NEW YORK, NY.- In the mythology of the West, Los Angeles is equal parts grit and glamour. The reality isn’t far off: Impossibly pink bougainvillea blooms feet away from gray highways choked with round-the-clock traffic. Look to your left at a stoplight and you may see a bored Uber driver, tooling around for fares, or a young starlet going incognito with sunglasses leaving her local coffee shop.

Perhaps unsurprisingly for a city that is, among many other things, a showbiz town, LA is defined by its imagery: the Hollywood sign, palm trees and beaches, of course, but also lowriders, Art Deco buildings and street vendors. For Angelenos themselves, those visuals can take the form of one’s personal aesthetic. Fred Segal shirt, or Lakers jersey? Gleaming Nike Cortezes, or worn-out flip-flops?

Ahead of LA Fashion Week, which runs from Wednesday through Sunday, The New York Times asked West Coasters for their ideas of the quintessential Los Angeles uniform.

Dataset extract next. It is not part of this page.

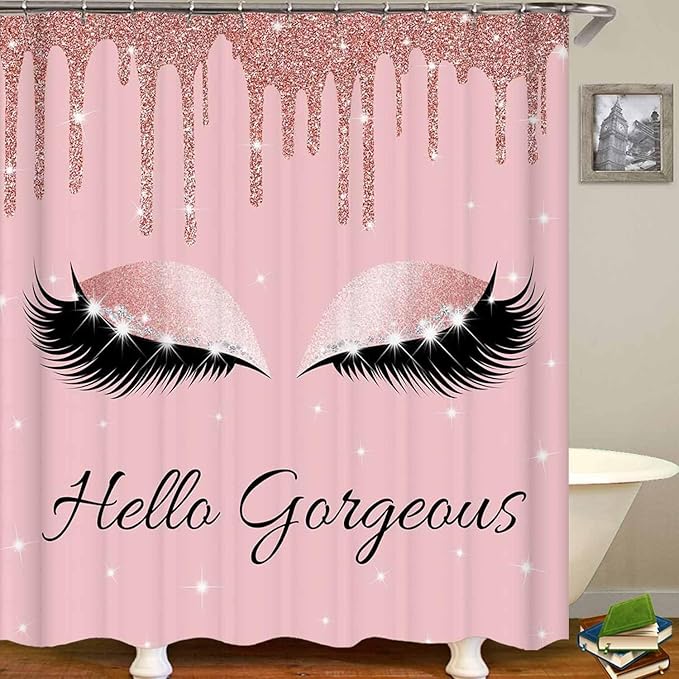 4PCS Hello Gorgeous Unicorn Eyelash Shower Curtain Set Luxury Diamond Rose Gold Glitter Eyeshadow Makeup Pink Glam Beauty Fashion Girly Women Bathroom Decor Non-slip Bath Mat Toilet Rug, Bling-Velvo Beauty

She Likes Her Skirts Long and Her Shirts Soft

Bethany Cosentino, 36, singer-songwriter and Best Coast vocalist

Many people from LA wouldn’t consider Bethany Cosentino a valley girl, but her 818 area code has entered the chat. Cosentino, a singer-songwriter best known for her work in the indie rock duo Best Coast — even the group’s name is a declaration of West Coast supremacy — grew up in La Crescenta, an unincorporated part of LA County that borders Glendale, where she lives now.

Cosentino’s look has transformed from the leather of her early rocker-chick days to a looser aesthetic filled with linens and lacelike fabrics. She often completes the look with Birkenstock’s Boston clogs, rounding off what she said felt “like the uniform of a lot of my friends and LA women in their mid-30s.”

Her favorite pieces from her closet are a 1970s Linda Ronstadt T-shirt and a 1976 Joni Mitchell jacket that her mother gave her as a 25th birthday present.

Most of her clothing is from thrift stores, she said, adding that she has been going to Squaresville, a vintage store in Los Feliz, since she was 16. She also makes the occasional 30-to-40-minute trek through the valley to hit up the nearest Savers thrift store.

“When I go thrifting, I’m mostly on the hunt for long skirts,” Cosentino said, “something that I can pair with a loosefitting crop top. I’m looking for the softest vintage cotton T-shirt.”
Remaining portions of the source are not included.